È timido, stralunato, nei capelloni ricci che si tocca in continuazione ci nasconde le insicurezze. “Come Sansone” dirà in un’intervista. Non ha la personalità matta e irriverente dell’altro Lucio, Dalla. Però un po’ se ne sbatte lo stesso di chi non capisce ciò che fanno lui e Mogol. Eterno allora, rivoluzionario fin dai primissimi lavori, ed eterno oggi a 25 anni dalla sua scomparsa. Lui e Mogol che incidevano le canzoni con il chiacchiericcio di fondo, che dicevano cose incredibili tipo “Come può uno scoglio arginare il mare?” o "Ma quante braccia ti hanno stretto, tu lo sai, per diventar quel che sei".
Lui e Mogol che per parlare d'amore raccontavano la figura di merda abissale di uno che suona alla porta della sua ex e dopo averle fatto una serenata si trova davanti un altro.
E poi se ne fottevano del bel canto, delle ballate, di ciò che funzionava: loro sperimentavano, facendo quello che nessuno aveva il coraggio di fare. Battisti le canzoni le scriveva anche per gli altri, ma per sé teneva quelle che nessun altro voleva cantare. Basterebbe questo per parlare di lui, no?
Lucio Battisti è il miglior cantante del mondo. Lo era quando questi stronz* ingiacchettati lo giudicavano dall’altro di - di cosa? - della loro cultura sanremese anni '60? Lo era quando lo disse David Bowie, che Lucio Battisti è il cantante migliore del mondo. David Bowie, signori.
E lo è oggi, perché ascoltarlo è ancora una rivoluzione. Anche in questo 9 settembre 2023. In un tempo in cui avere Twitter, Facebook o Instagram (per non parlare di TikTok) ha trasformato tutti in stron*i ingiacchettati pronti a dire “canta male, è la verità”. Muniti di un microfono nuovo, ma alla fine uguali a quelli la.

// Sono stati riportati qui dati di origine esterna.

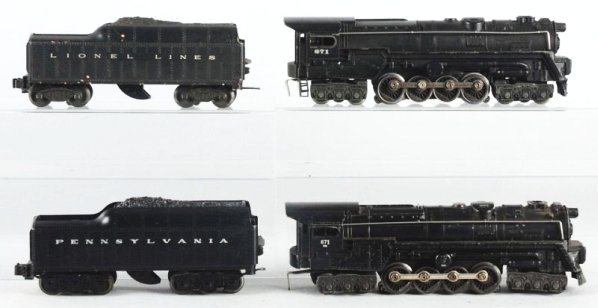 Lot of 2: Lionel Engines with Tenders.: Lionel No.671 steam locomotive with smoke hole unit. Complete and all original. No.2671W PRR whistle tender. No.671RR steam locomotive missing rear steps scratches and paint chips. No.2046W tender fra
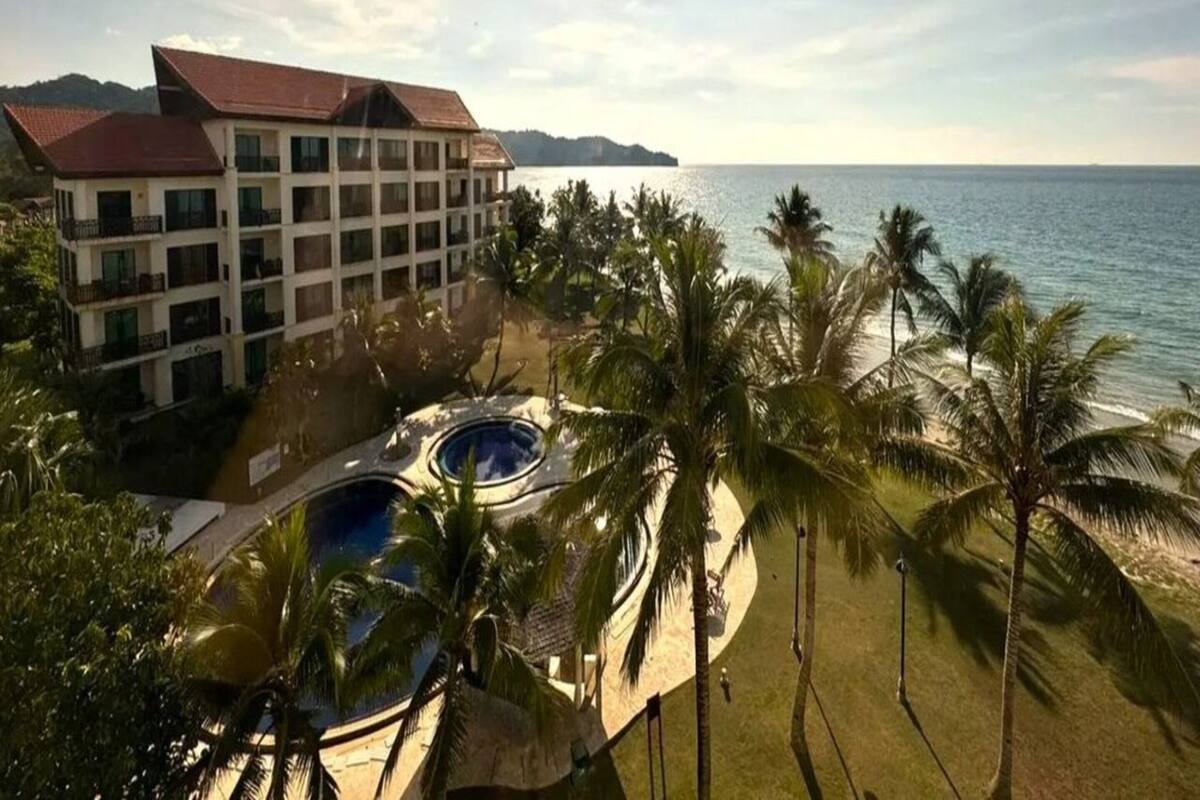 A resort with a pool area, palm trees, and a view of the sea.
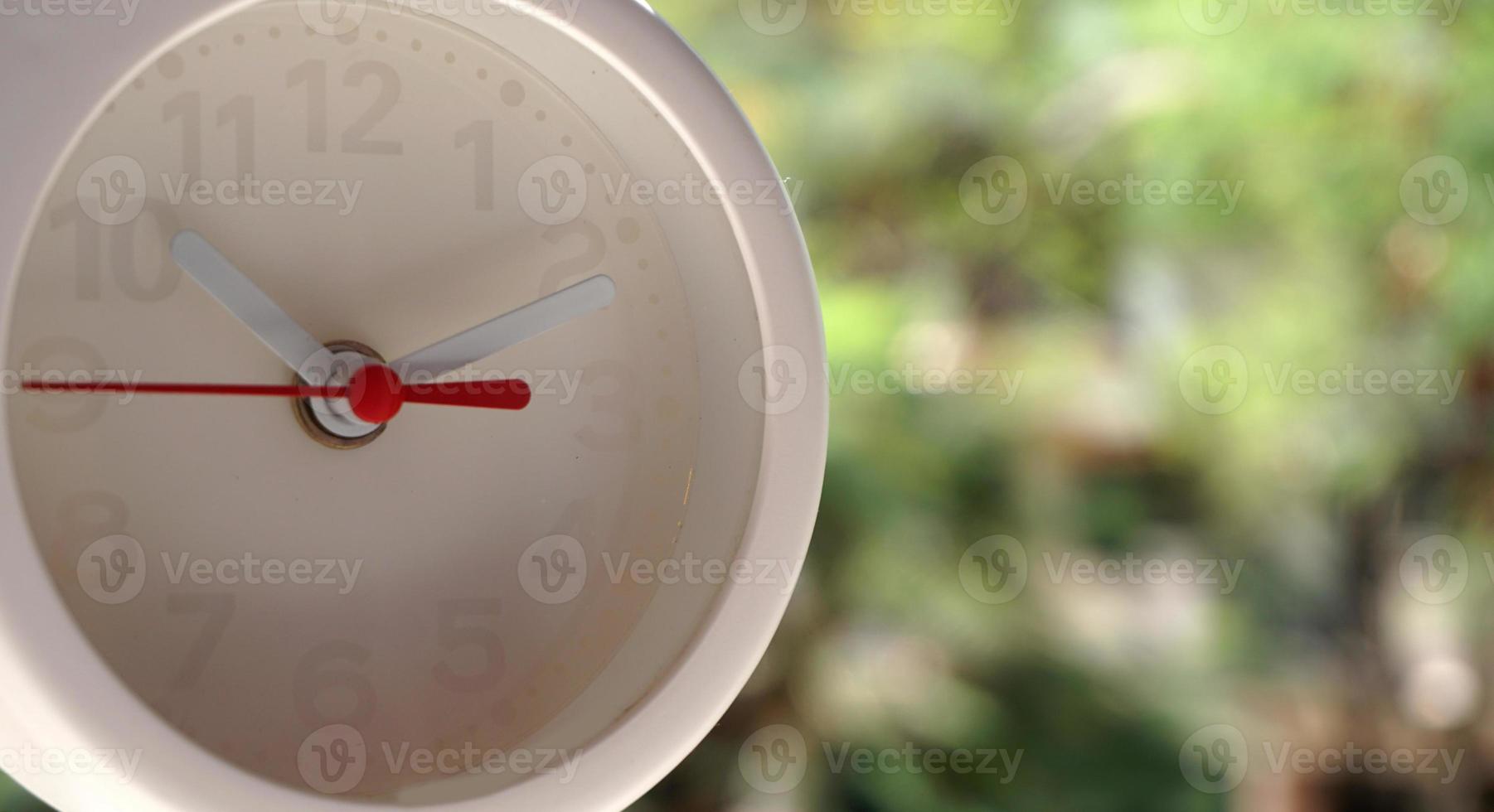 A closeup shot of a white clock with arrows showing time. photo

Io Battisti lo amo così tanto che me lo sono tatuato addosso. “Non sarai preda dei venti” sul braccio con cui faccio tutto, con cui scrivo, con cui sono.
Un augurio, per essere rivoluzionari e per fregarsene di tutto, come ha sempre fatto lui, con grande fatica. Perché nel 1969 Lucio non era “una voce poco gradevole”. E oggi non è, neanche lontanamente, roba per vecchi, roba andata. Lucio Battisti è per chi ha la pazienza di comprenderne l’ironia, la malizia, il cuore.
Sei ancora qui immenso e immortale Lucio.
E lunga vita a chi se ne fotte del giudizio degli altri. Solo così nascono cose grandi. Mai preda dei venti.